■ **Assignment**
The expected output is an exact copy of each line from the line with "Large image for the Used Volkswagen T-Roc" through the end of the data below, with no pictures in it.
-*-*-
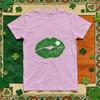 Saint Patrick green t shirt man cotton Retro Casual funny festival printed T shirt lucky Irish Unisex Adult Party tee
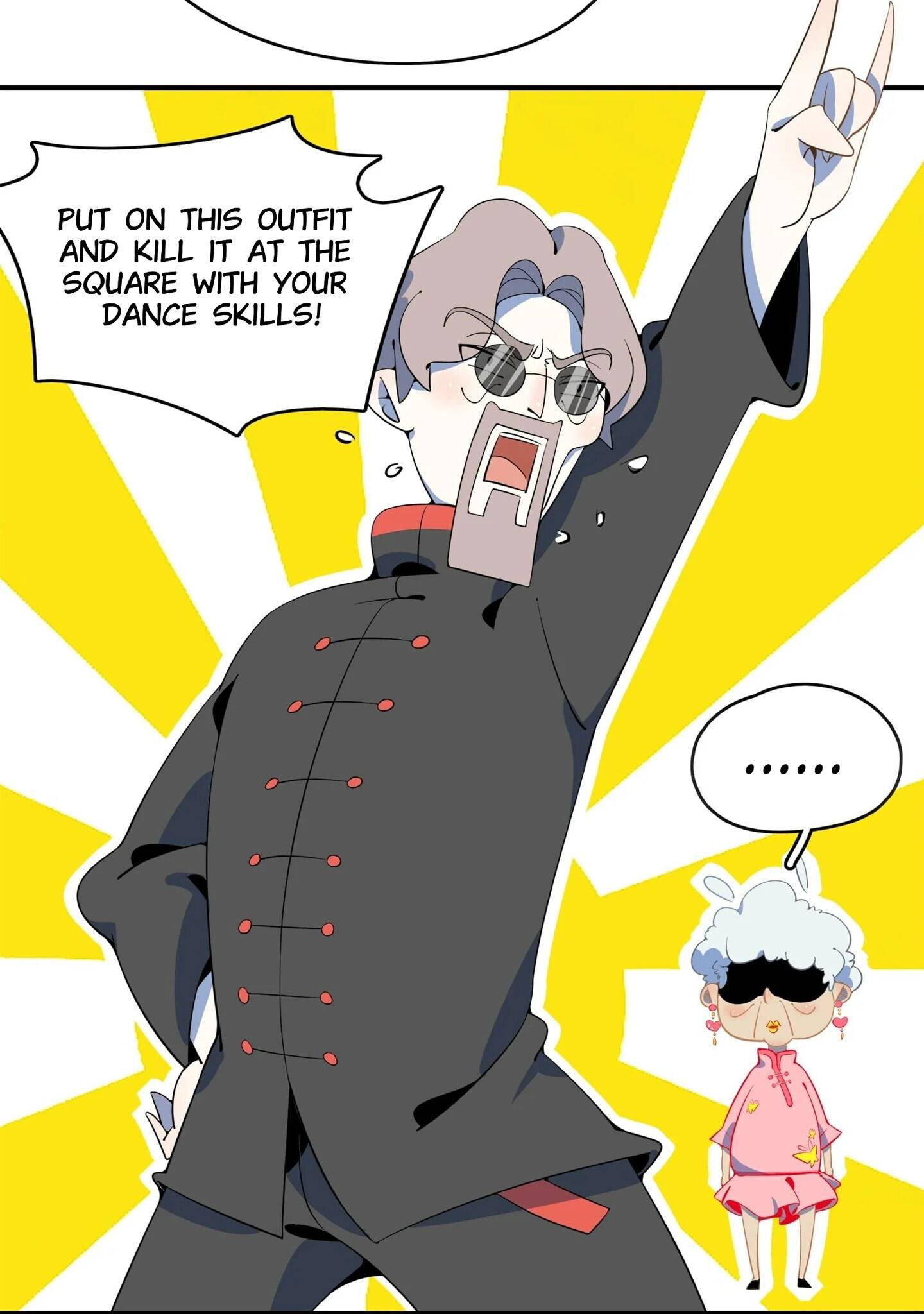 Beijing State of Mind Chapter 11 - page 59
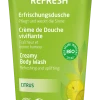 Weleda Refresh Erfrischungs­dusche Citrus
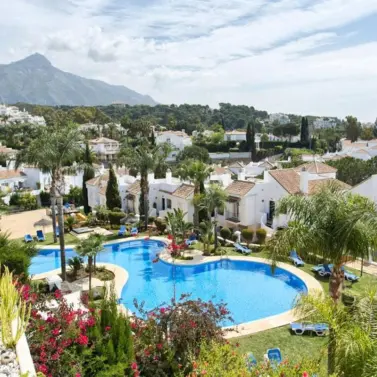 Продажа пентхауса в Nueva Andalucía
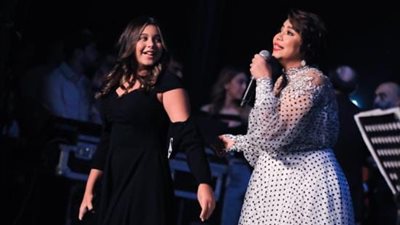 'أريد العيش معك حتى لو كنت شبحًا'.. أول تعليق من ابنة شيرين عبد الوهاب بعد أزمة والدتها
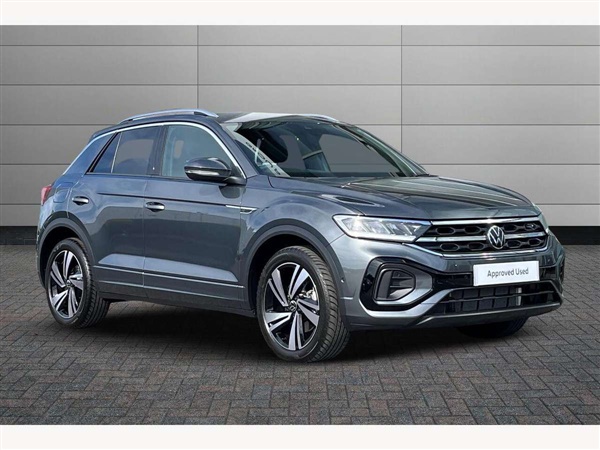 Large image for the Used Volkswagen T-Roc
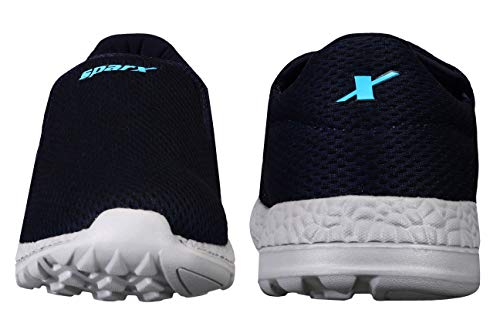 Image of SPARX Trending Shoe SX0375 Blue Sky Blue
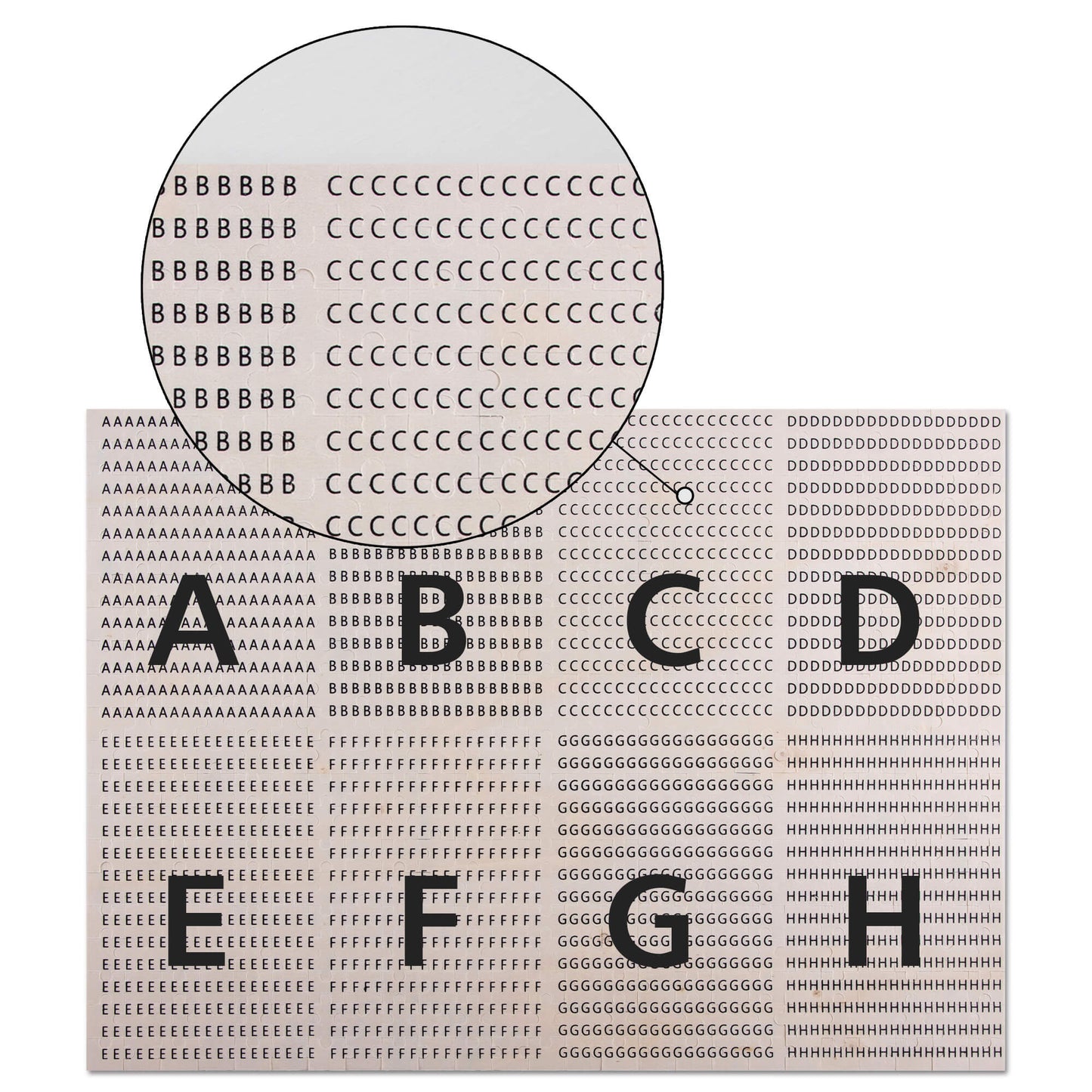 Picture Puzzle Jigsaw (500 Pcs) @FanClub By AFREMOV.COM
-*-*-
■ **Answer area**
 Large image for the Used Volkswagen T-Roc
 Image of SPARX Trending Shoe SX0375 Blue Sky Blue
 Picture Puzzle Jigsaw (500 Pcs) @FanClub By AFREMOV.COM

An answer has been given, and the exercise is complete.